To do this, we deviate from the procedure and prepare the data before we get started. I tried various ways (labelling the data, adding labels later, etc.) and only the way I show you worked for me. From my understanding, this happens because the light_breakdown
function generates the labels in the plot internally before plotting it. To generate the labels, the function uses the variable names as well as their values.
light_breakdown
light_breakdown(fl, new_obs = penguins[3, ], digits = 2)

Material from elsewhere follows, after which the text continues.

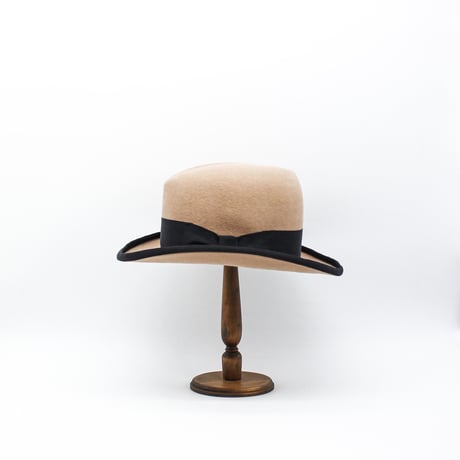 Classical Homburg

I am an object with class(es) light_breakdown, light, list
data.frames (maximum 6 rows shown):
data
# A tibble: 6 x 6
step variable after before label description
<int> <chr> <dbl> <dbl> <chr> <chr>
1 0 baseline 44.0 44.0 ols average in data: 44
2 1 species 39.7 44.0 ols species = Adelie: -4.3
3 2 sex 38.6 39.7 ols sex = female: -1
4 3 body_mass_g 37.5 38.6 ols body_mass_g = 3250: -1.1
5 4 flipper_length_mm 37.2 37.5 ols flipper_length_mm = 195: -0.34
6 5 bill_depth_mm 37.5 37.2 ols bill_depth_mm = 18: +0.28
Everything stored in description
will be later plotted as labels in your plot.
penguins %<>%
# First adjust the labels
dplyr::mutate(
sex = case_when(sex == "female" ~ "Female",
sex == "male" ~ "Male")) %>%
dplyr::rename(
`Penguin species` = species,
`Island` = island,
`Length of bill (in mm)` = bill_length_mm,
`Depth of bill (in mm)` = bill_depth_mm,
`Length of flipper (in mm)` = flipper_length_mm,
`Body mass (in g)` = body_mass_g,
`Sex` = sex,
`Year` = year)
And we’re all set. Now we fit the model again and generate a flashlight.
# Fit model
fit <- lm(`Length of bill (in mm)` ~ ., data = penguins)
# Make flashlight
fl <-
flashlight(
model = fit,
data = penguins,
y = "Length of bill (in mm)",
label = "ols",
metrics = list(rmse = MetricsWeighted::rmse,
`R-squared` = MetricsWeighted::r_squared)
)
We can use the flashlight object fl
and plot our breakdown plot
plot(light_breakdown(fl, new_obs = penguins[3,], digits = 2)) +
theme_classic() +
theme(
axis.text.y = element_blank(),
axis.ticks.y = element_blank(),
axis.title.y = element_blank()
) +
scale_fill_grey()
theme()
, theme_classic()
, and scale_fill_grey()
are further adjustments to make the figure publishable in a later manuscript – but there are endless possibilities and you can pick whichever works best for you.